Nonetheless, in July of 2003, plaintiffs filed the pleading we now review. Although styled “Motion for Additional Relief,” nowhere in the motion is there any request for additional relief regarding Alabama's higher education system. There is no request whatsoever for additional funding or any other changes in the education policies governing higher education in Alabama.
Instead, plaintiffs request an injunction ordering Alabama to fund adequately its system of lower education, and to do so by developing an entirely new method of public school finance in the state. Plaintiffs contend that only the complete reformation of Alabama's school finance system for lower education-including the invalidation of certain provisions of the Alabama Constitution6 that limit both the rates and actual revenues from property taxation-will allow the State to raise the revenue necessary to adequately fund its K-12 schools. And, only when Alabama's public schools are adequately funded, according to plaintiffs, will there be sufficient other funds to achieve the remedial goals of this lawsuit. Therefore, plaintiffs asked the district court to invalidate the property tax limitations of the Alabama Constitution and to enjoin the State to reform its method of public school finance within one year to provide adequate and equitable funding for its K-12 schools.
Although moved by defendants not to allow a new theory of liability ten years after the entry of the court's remedial decree, the district court held a two-day evidentiary hearing on the claim in May of 2004.7 The court heard from many experts on both the historical context and the school funding implications of Alabama's methods of public school finance.
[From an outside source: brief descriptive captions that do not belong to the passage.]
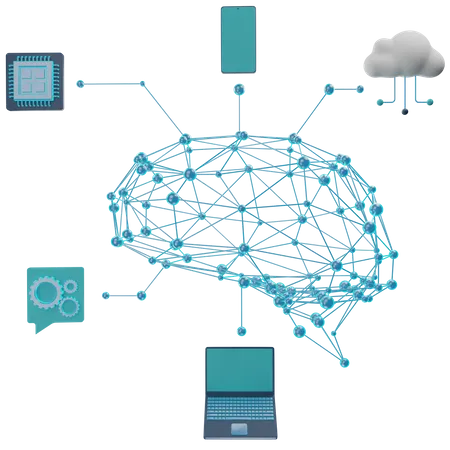 Ai Processor  3D Icon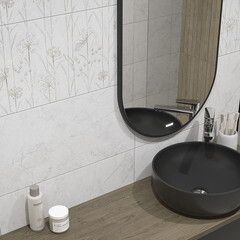 Плитка облицовочная Cersanit Tenero коричневый 598х298х8,5 мм (8 шт.=1,425 кв.м) - фото 15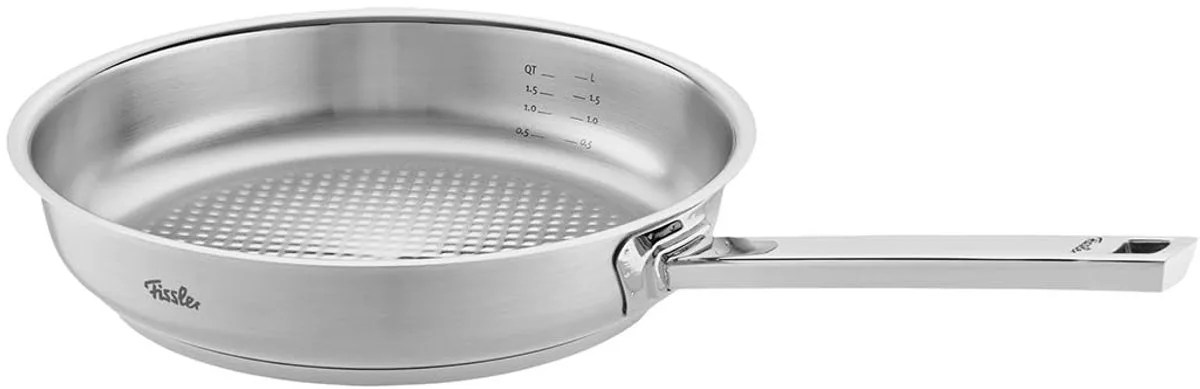 Roestvrijstalen braadpan - geschikt voor alle warmtebronnen - 1 stuk - Ø 24 cm van Fissler in Zilver – productfoto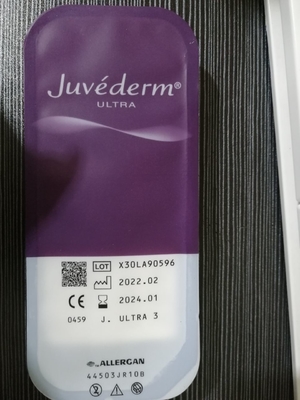 Wypełnianie twarzy Wypełniacz ust Juvederm ultra 3 Wypełniacz skórny z kwasem hialuronowym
The following October, the district court entered a ninety-page opinion and order denying the “Motion for Additional Relief.” Knight III, 458 F.Supp.2d at 1314. The district court held that, as a claim for liability, plaintiffs had failed to establish that the alleged funding crisis in Alabama's K-12 education system had a segregative effect on its system of higher education. Id. at 1312-13. Furthermore, the court held plaintiffs had failed to establish a need for any additional relief, as the State had already complied, or was complying, with all the court's previously-entered remedial orders, as agreed upon by all the parties. Id. The district court concluded that, while it “appreciate[d] Plaintiffs' argument” that “the current property tax system in Alabama has a crippling effect on the ability of local and state government to raise revenue adequately to fund K-12 schools,” it disagreed with plaintiffs' assertion that this lower school funding problem was sufficiently related to the desegregation of the State's higher education system to permit a remedy in this lawsuit. 458 F.Supp.2d at 1312.
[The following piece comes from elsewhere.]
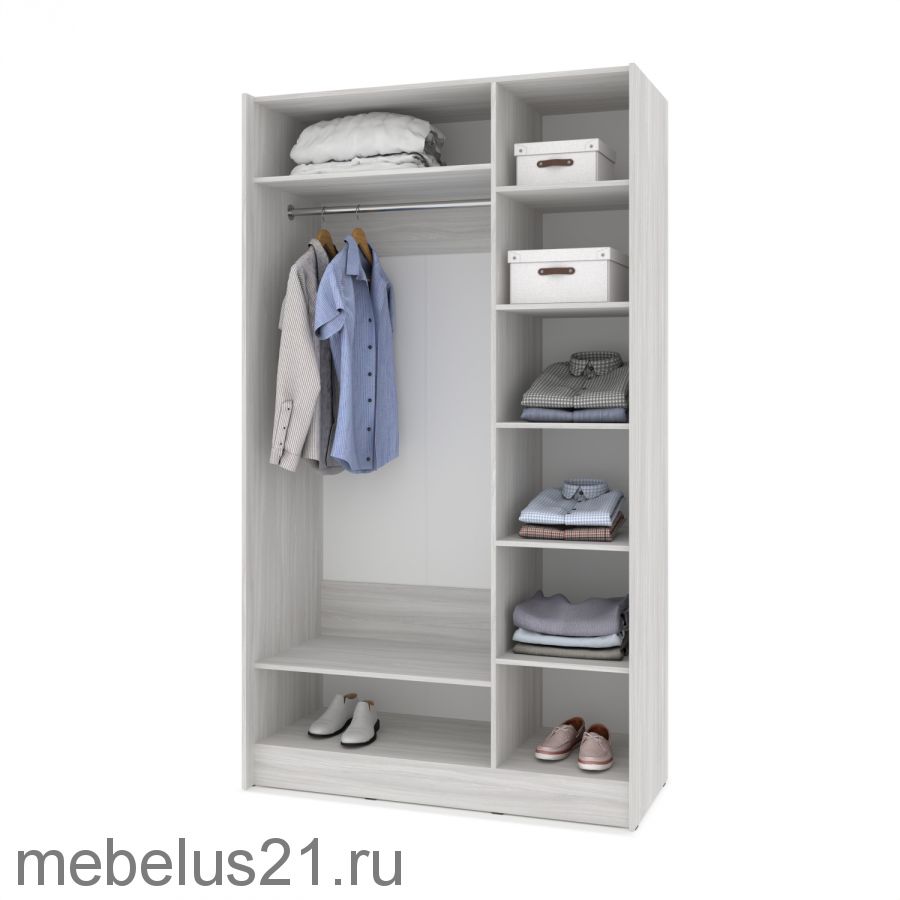 Шкаф купе с зеркалом Браун 140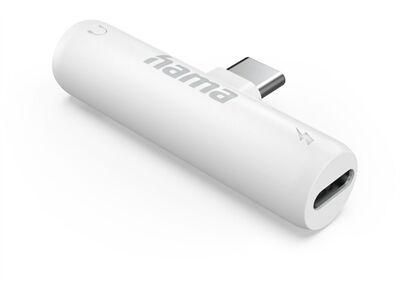 Hama USB Type-C > 3,5mm Klinke Adapter (weiß)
We agree with the district court that plaintiffs' present claim is fundamentally about reforming Alabama's K-12 school funding system, and not about desegregating its colleges and universities. Plaintiffs themselves made this clear when they filed the claim. On the first page of their supporting memorandum, plaintiffs called the district court's attention to Alabama Supreme Court's dismissal of the public school funding litigation in the Montgomery County Circuit Court, known as the Equity Funding Cases. See Ex Parte James, 836 So.2d 813, 816 (Ala.2002). Plaintiffs asserted that the dismissal of these state cases entitled them to “raise claims regarding Alabama's school funding system in this [federal] action.”8 Plaintiffs' requested relief was that the district court enter an injunction requiring the State to revise its tax policies and tax rates to adequately fund K-12 education.
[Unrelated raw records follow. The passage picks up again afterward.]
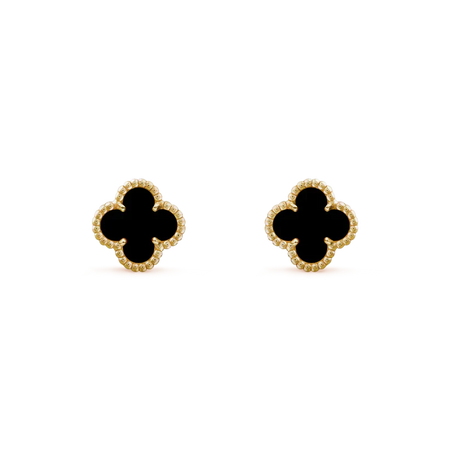 [Amore Jewelry]CLOVER MINI 9.5MM BLACK MOP EARRINGS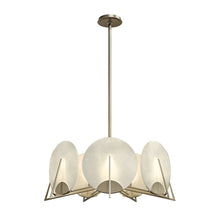 Load image into Gallery viewer, Callisto Pendant Light in Soft Gold.
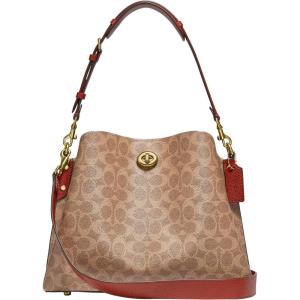 imageCoach Womens Polished Pebble Leather Willow Shoulder BagTan Rust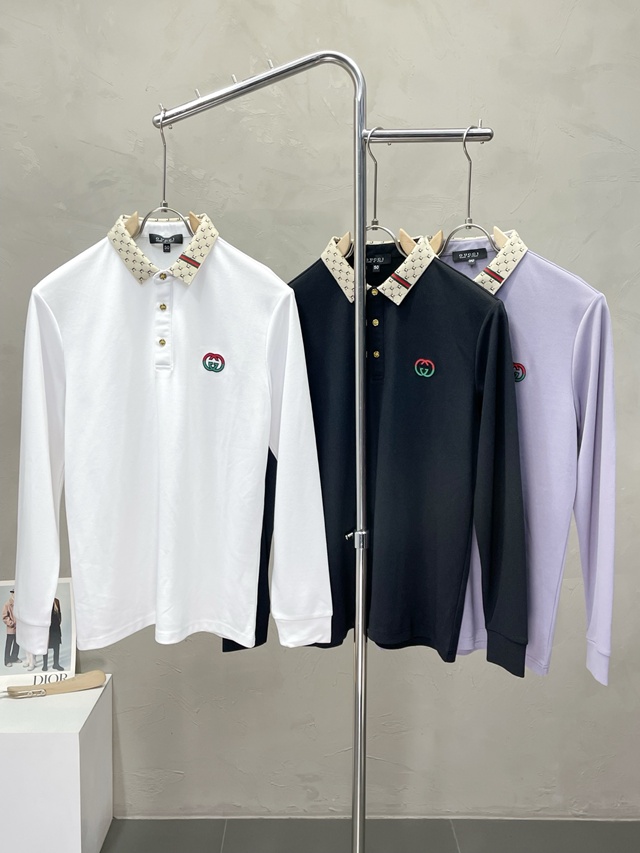 구찌 남성 폴로 셔츠 3칼라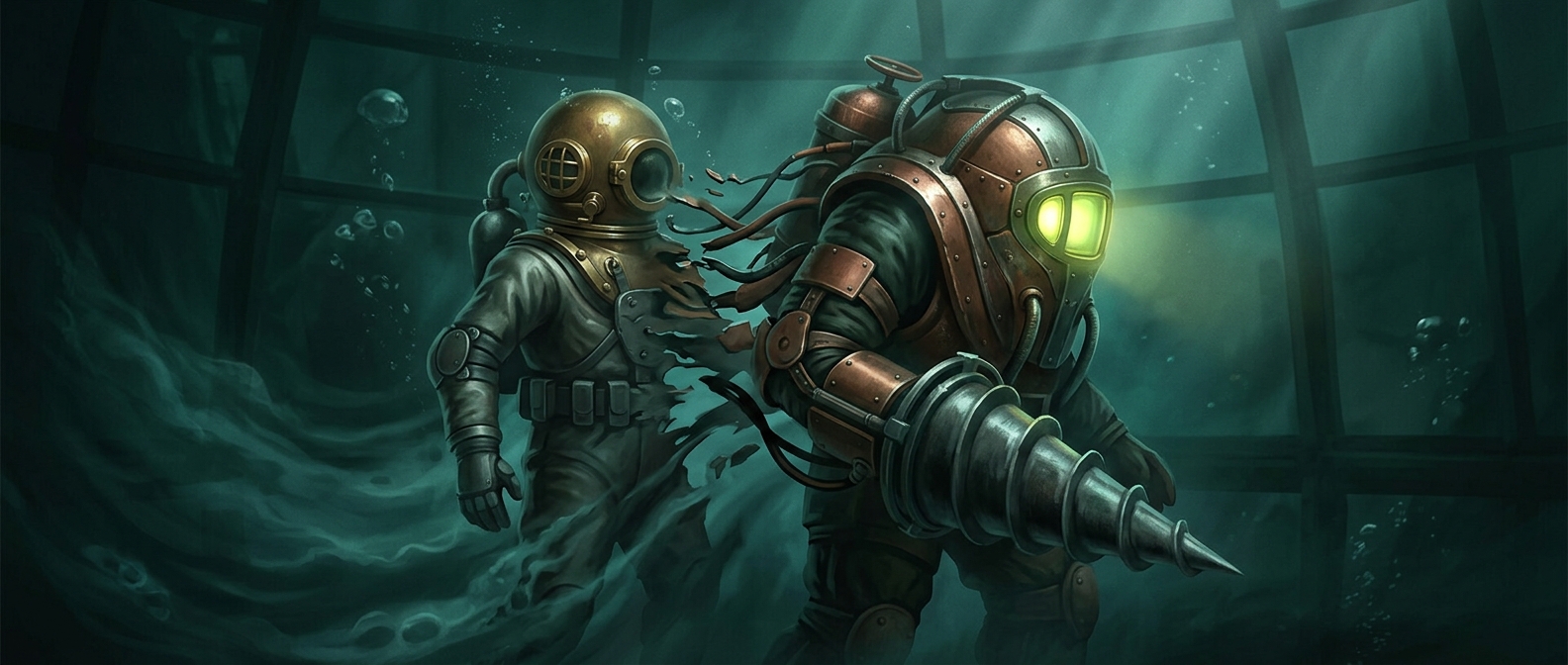 Big Daddy’s terrifying design came from diving suits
Plaintiffs present claim, then, is not a claim for desegregation in Alabama's system of higher education. It is a school finance claim. Because we find this distinction fatal to plaintiffs' claim, we pause to explain the difference.
Section 256 of the 1901 Alabama Constitution requires “a liberal system of public schools throughout the state for the benefit of the children.” In 1956, as the State's direct, indeed avowed, response to Brown v. Board of Education, Section 256 was amended to provide that “nothing in this Constitution shall be construed as creating or recognizing any right to education or training at public expense.” Ala. Const., art. XIV, § 256, Amend. 111 (1901). Thereby, Alabama served notice that its support for integrated public education was conditional. Subsequently, other amendments were added to the state constitution that imposed strict limits on the ability of state and local governments to raise revenue from property taxes-the traditional method of funding K-12 education in Alabama.9
In 1990, the Alabama Coalition for Equity, Inc. (the “Coalition”), acting on behalf of schoolchildren, parents and school systems throughout the State of Alabama, brought a lawsuit in circuit court in Montgomery County, Alabama, seeking a declaration that Amendment 111 was unconstitutional because its avowed purpose was racial discrimination. The Coalition also sought a declaration that state funding of K-12 education did not provide an adequate or equal education for all of Alabama's school children. Alabama Coalition for Equity, Inc. v. Hunt, No. CV-90-883 (Ala.Cir.Ct. Apr. 1, 1993). This case was consolidated with a similar lawsuit filed in the same court in 1991, Harper v. Hunt, No. CV-91-0117 (Ala.Cir.Ct. Jan. 19, 1991) and together they became known as the Equity Funding Cases, reprinted in Opinion of the Justices No. 338, 624 So.2d 107, 110-67 (Ala.1993).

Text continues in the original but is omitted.